Подумайте; кто эти враждовавшие на наших глазах?
Далекие от всякой политической борьбы за власть, простые, мирные граждане, жаждущие только мирного труда, мы далеки и от всяких партий и партийных делений. Мы не можем и мы не в силах поддерживать или одобрять одних предпочтительно пред другими. Но одно мы видим: жестоко враждовали между собою, можно сказать, вчерашние друзья, те самые, которые так недавно были едино, те самые, которые были победителями в таком же ниспровержении силою штыков существовавшего раньше государственного строя. И вот, недавние победители - теперь сами разделились и пришли к кровавым счетам. Не было никогда и не будет никогда конца таким делениям, если они не придут, вместо суда человеческого, к высшему суду Божьему, суду нравственному. Как огромная глыба, оторвавшаяся с вершины высочайшей горы, падая вниз, влекомая собственной тяжестью, разбивается в своем падении все на более и более мелкий щебень: так и народ наш может теперь идти от междоусобия к междоусобию, от одного разделения к другому, пока не обратится в прах и ничтожество.

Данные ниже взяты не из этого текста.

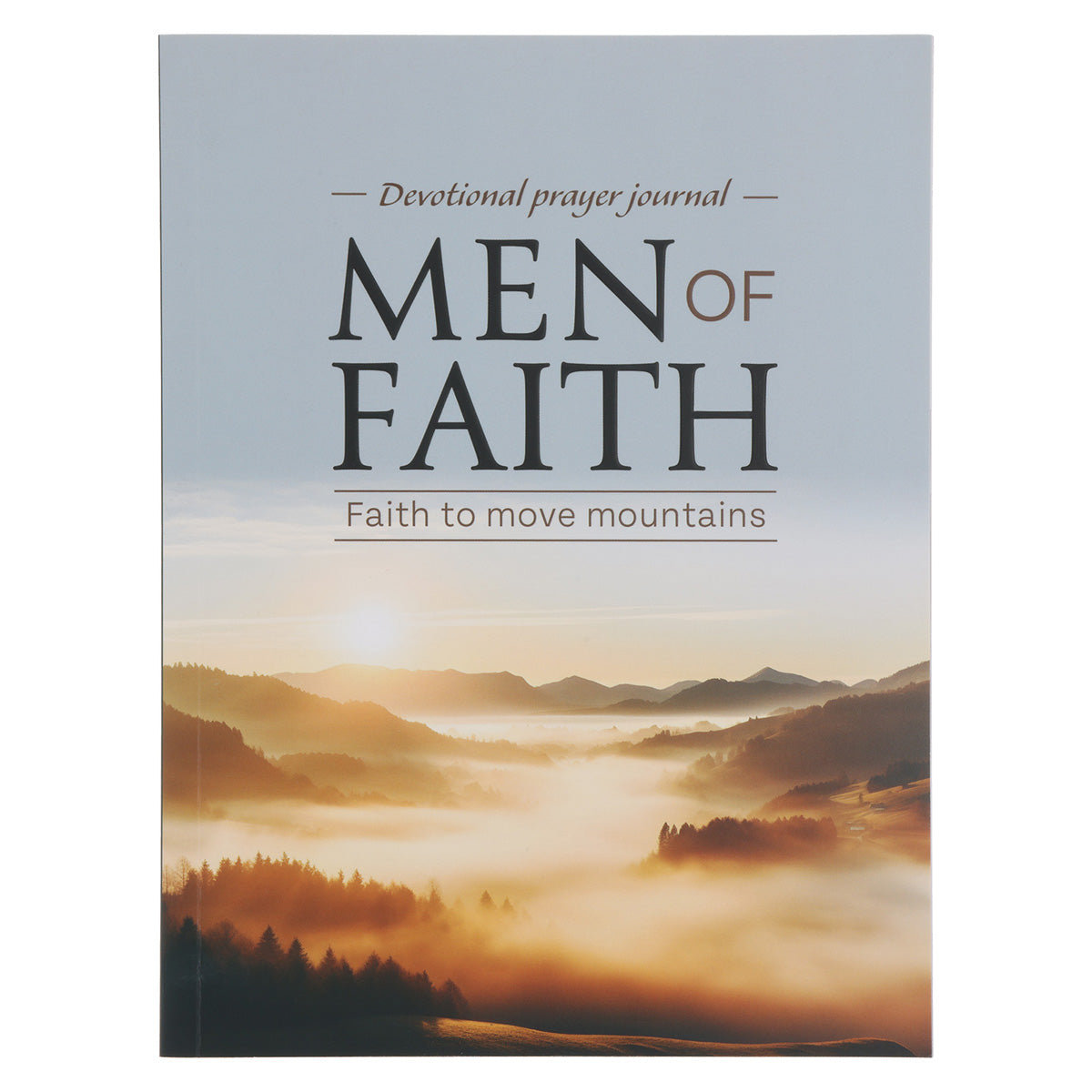 Men of Faith Devotional Prayer Journal (Paperback)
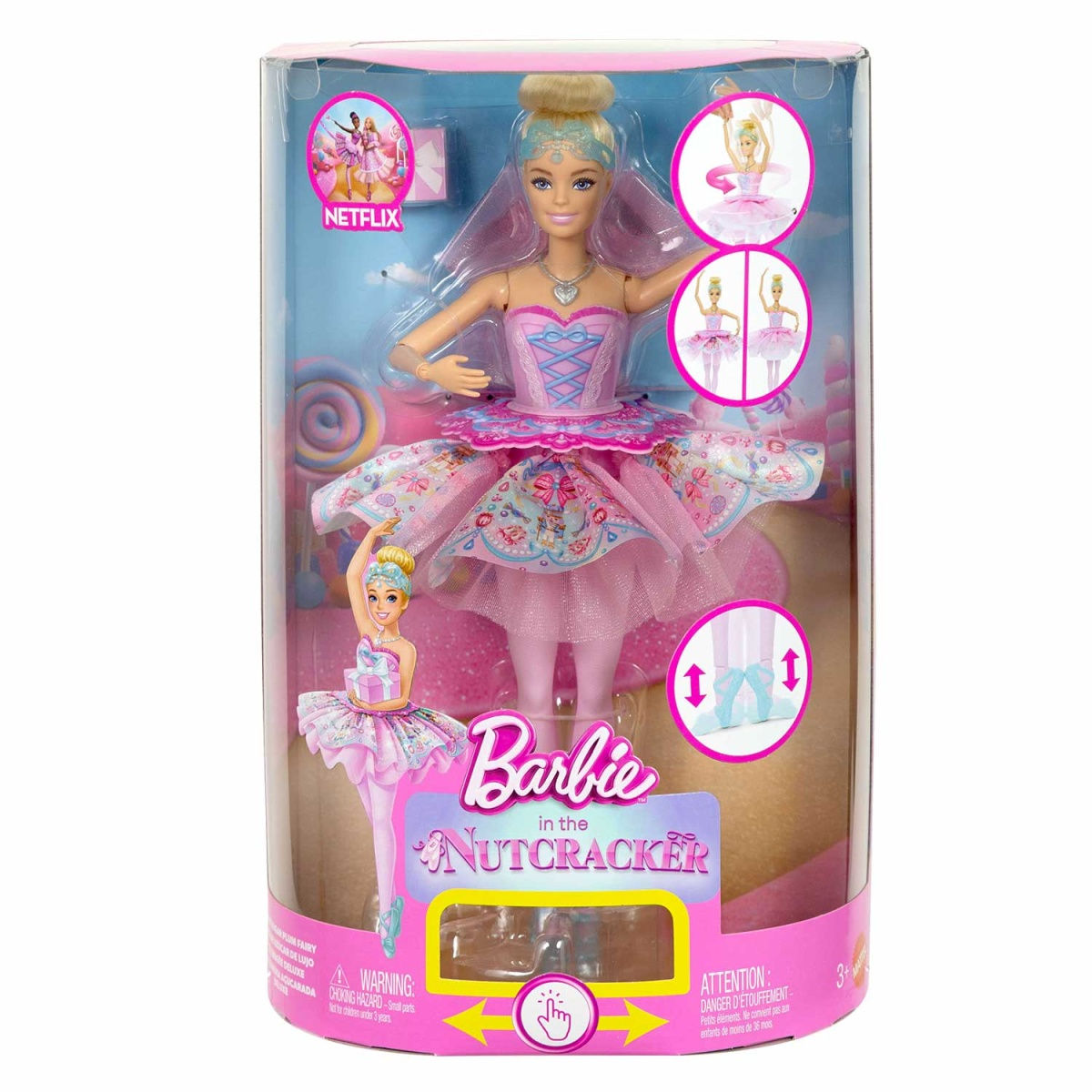 Barbie Nutcracker Clara DeLuxe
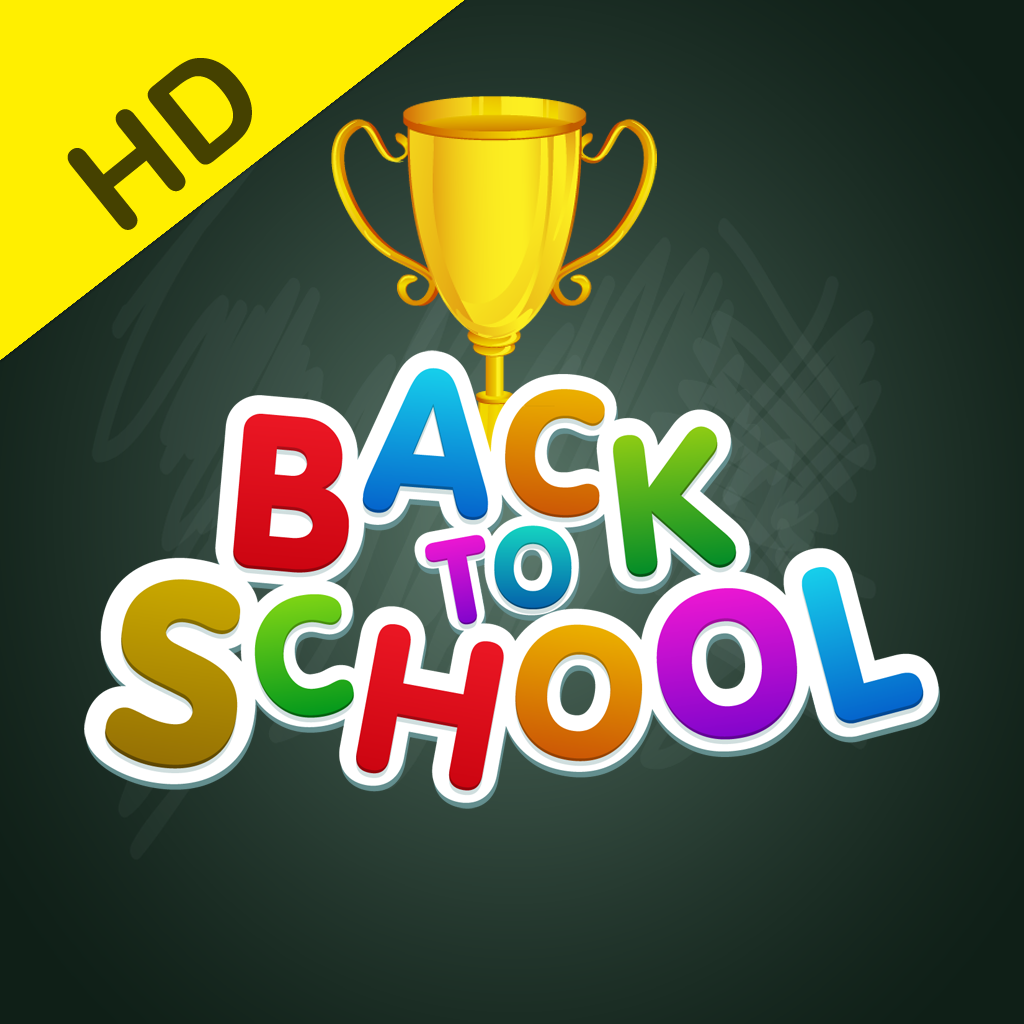 Kids Back To School – Addictive Educational Game for Pre-School Kids (HD) icon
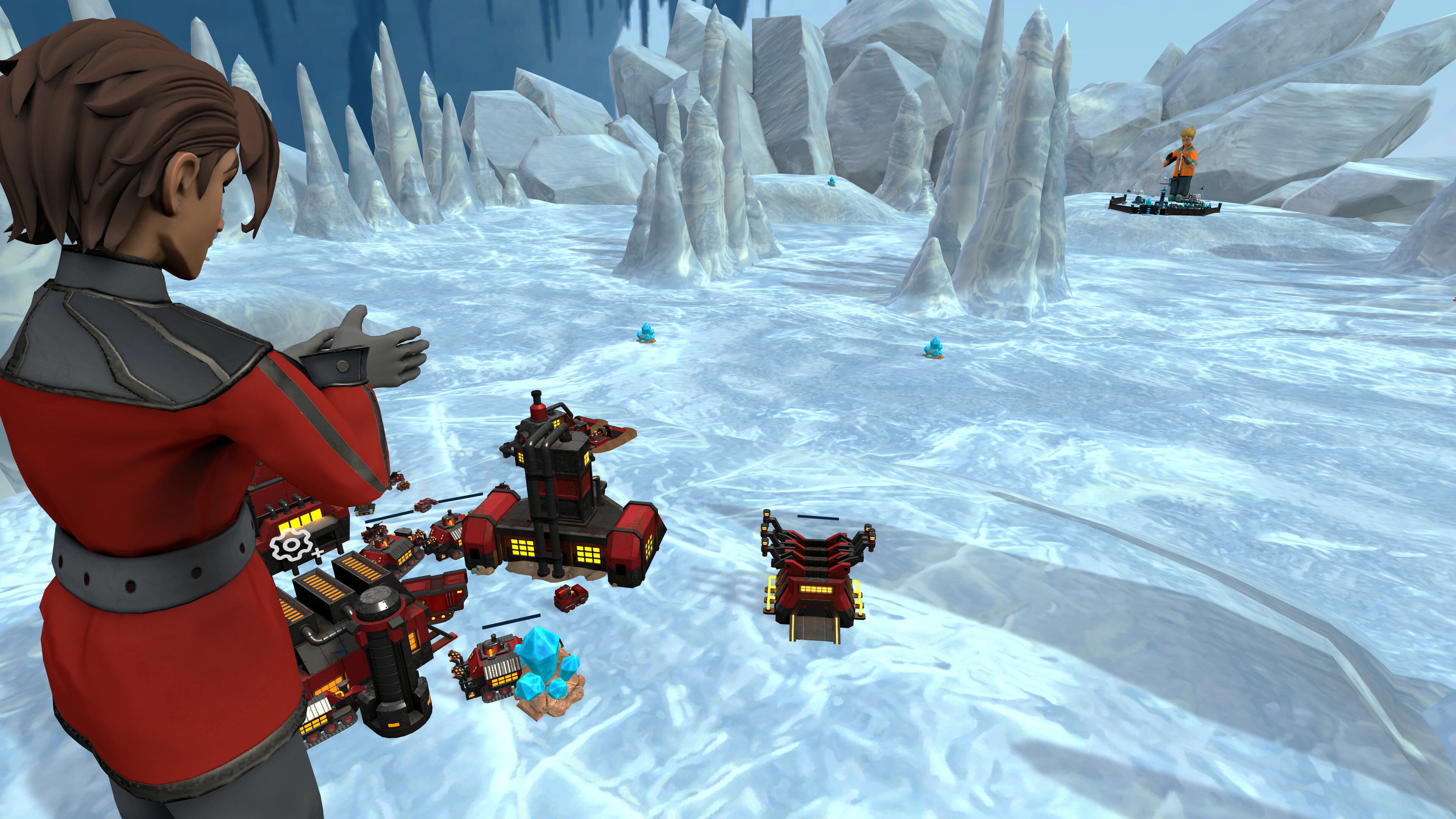 Crystal Commanders screenshot 2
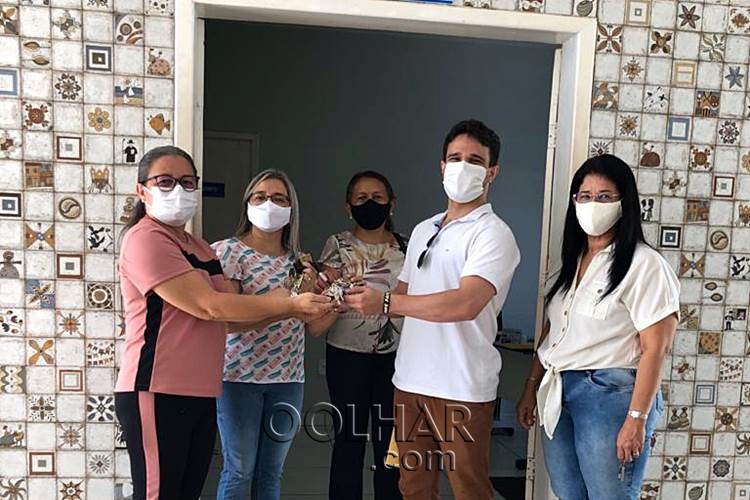 Entrega das chaves da Prefeitura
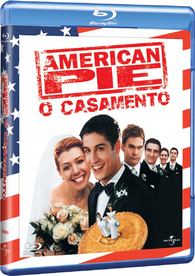 American Wedding Blu-ray (American Pie: O Casamento) (Brazil)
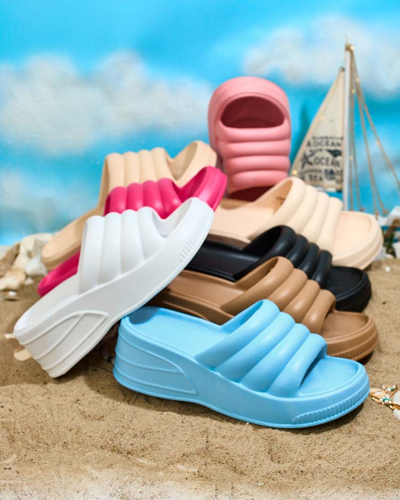 Royalfashion Naiste Kooli kummist flip-flops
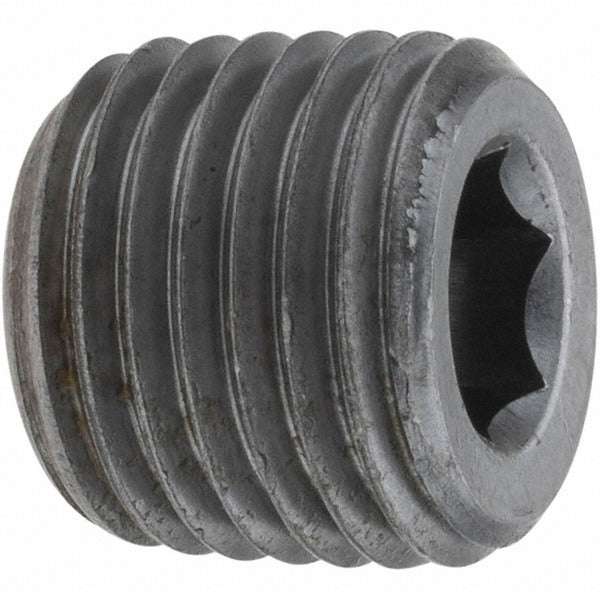 VALUE COLLECTION Value Collection 13380 Countersunk Hex Plug 1/4 in Malleable Iron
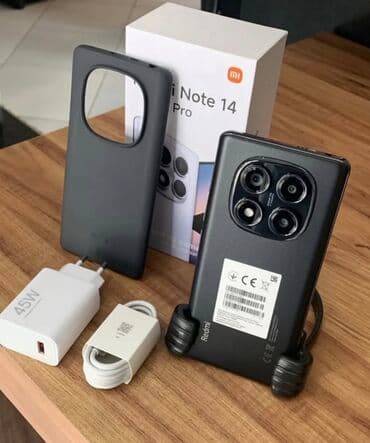 охлаждающий кулер для телефона: Redmi, Redmi Note 14 Pro Plus, Жаңы, 256 ГБ, түсү - Кара — 3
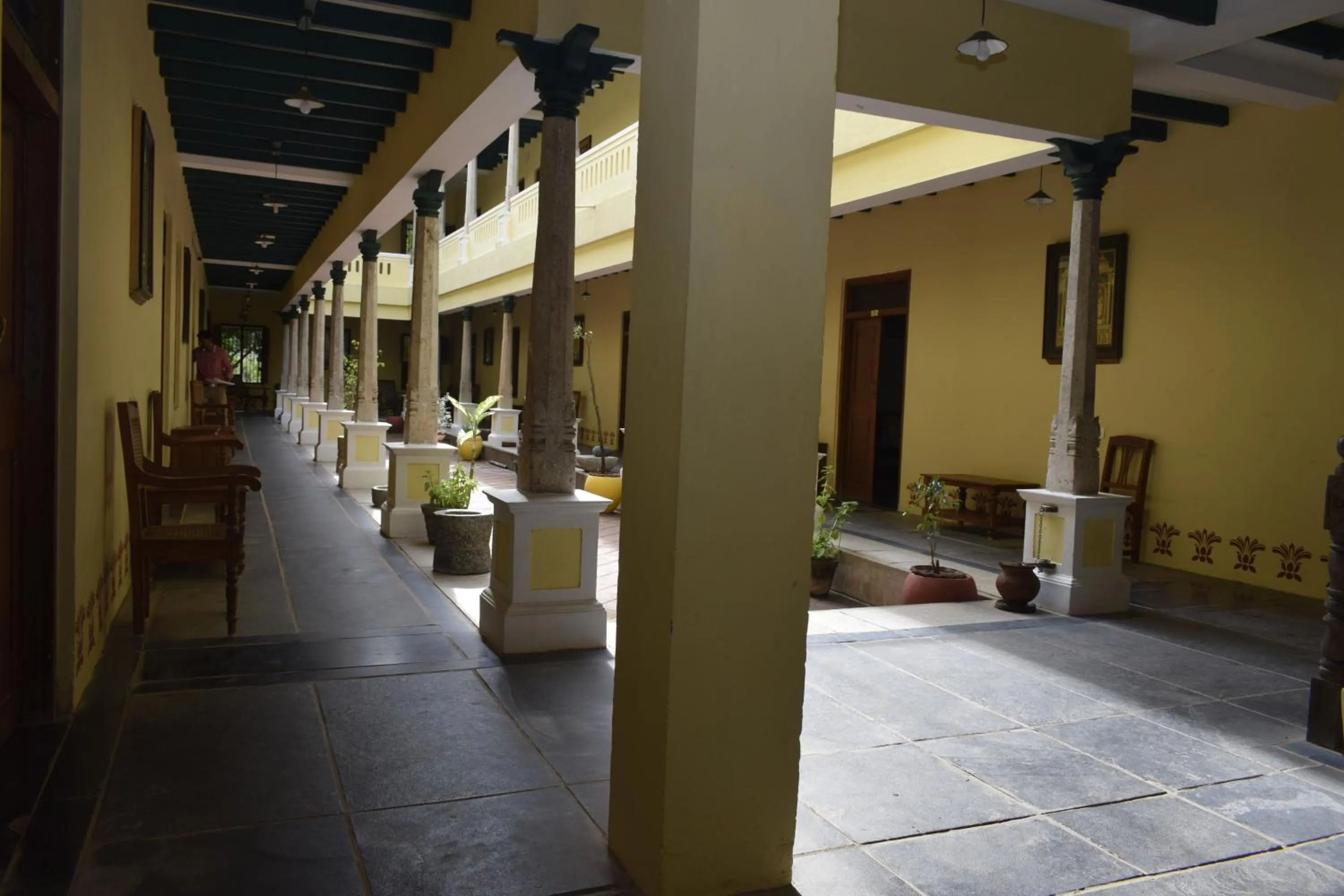 Property building in Lakshmi Vilas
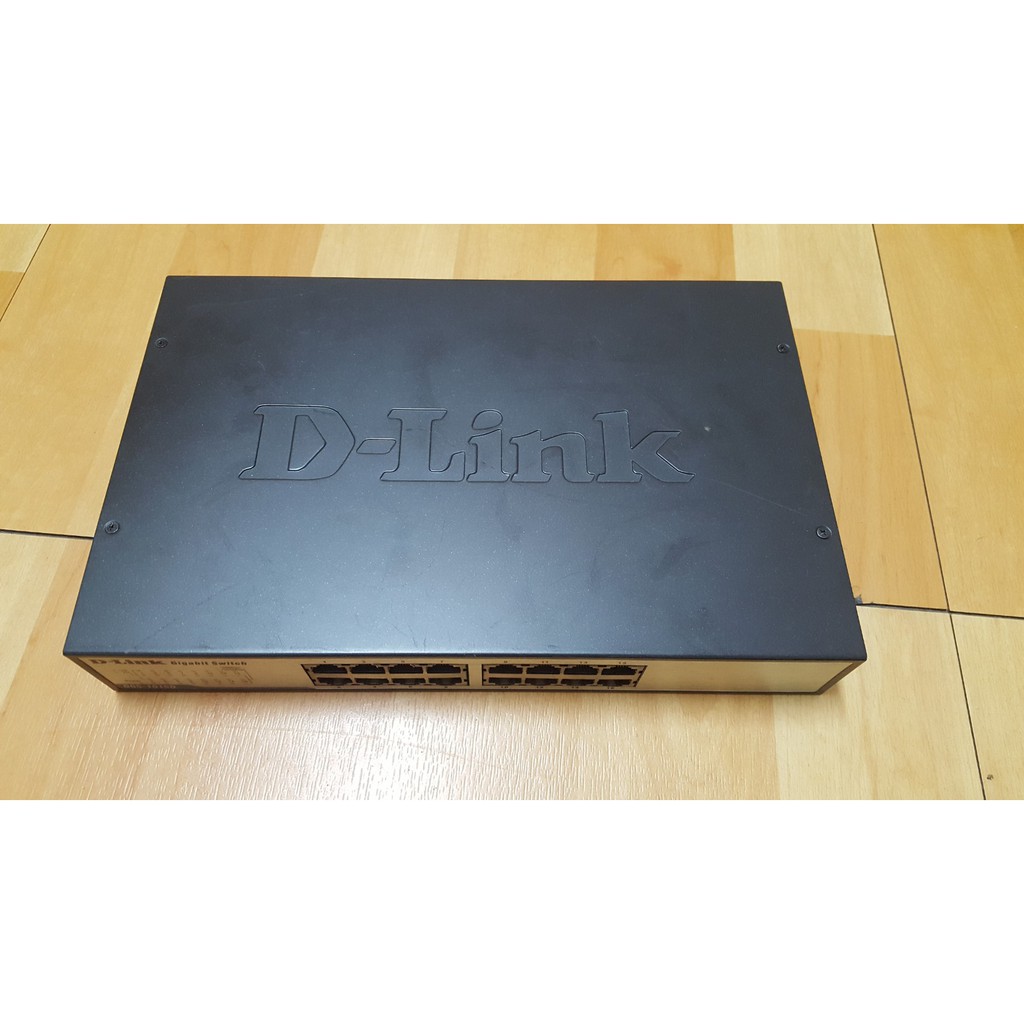 D-LINK友訊 DGS-1016D 16埠Gigabit節能型交換器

Спасение только в том, чтобы вовремя увидеть и уразуметь опасность и поставить себя не пред судом человеческих инстинктов себялюбия, жестокости и зверства, а пред судом вечного Божественного закона веры. Он один укажет нам на гибельность советов себялюбия, - ибо себялюбие в конце концов приводит каждого отдельного человека даже не к кружковой группировке по общности интересов - поверьте, так бывает только в начале и никогда не удерживается до конца, - а к тому, что каждый отдельный человек представляет из себя в одиночку свою партию и противопоставляет себя всему народу, даже целому миру. Он один, Божественный закон, дает великое единство человеческим обществам во имя единства веры, единства Божьего о нас Промысла, единства Церкви. Он один, Божественный закон, в силах сказать расходившемуся, разнузданному до безумия злобному человеческому себялюбию: «Умолкни; перестань», - и вместо него дать нам в советники святые добродетели самоотречения, самоотвержения, святой любви взаимной и взаимной уступчивости. Только здесь, «сильные немощи немощных носят», только здесь «носят люди тяготы друг друга», только здесь господствует правило: «Никому не бывайте должны, кроме взаимной любви», - ибо этот долг наш есть долг всегда не вполне оплаченный...
И как некогда на море Тивериадском слово Христа-Чудотворца, сказанное к буре и волнению: «Умолкни и перестань», произвело внезапно чудное действие, - «и бысть тишина»: так и ныне нашею молитвою, проповедью жизни о Христе и Его законе, верностью Церкви, смирением, кротостью, взаимною уступчивостью и любовью, признанием чужих прав и уступкою прав своих утишиться может жизнь. Иначе, нам остается ждать другого, страшного способа научения: вразумит нас Бог междоусобной бранью, кровью, резнею, нищетою, бедствиями и ударами, столь тяжкими, о которых говорится в евангелии, и которые вызовут наши вопли: «Горы, падите на нас, и, холмы, покройте нас!». И будет тогда скорбь, какой не было от начала мира доселе, по слову евангелия. И эта скорбь заставит нас одуматься...
Два пред нами выхода, и иного, третьего, нет!..
Больше ничего не в силах сказать вам ныне пастырь Церкви! Аминь.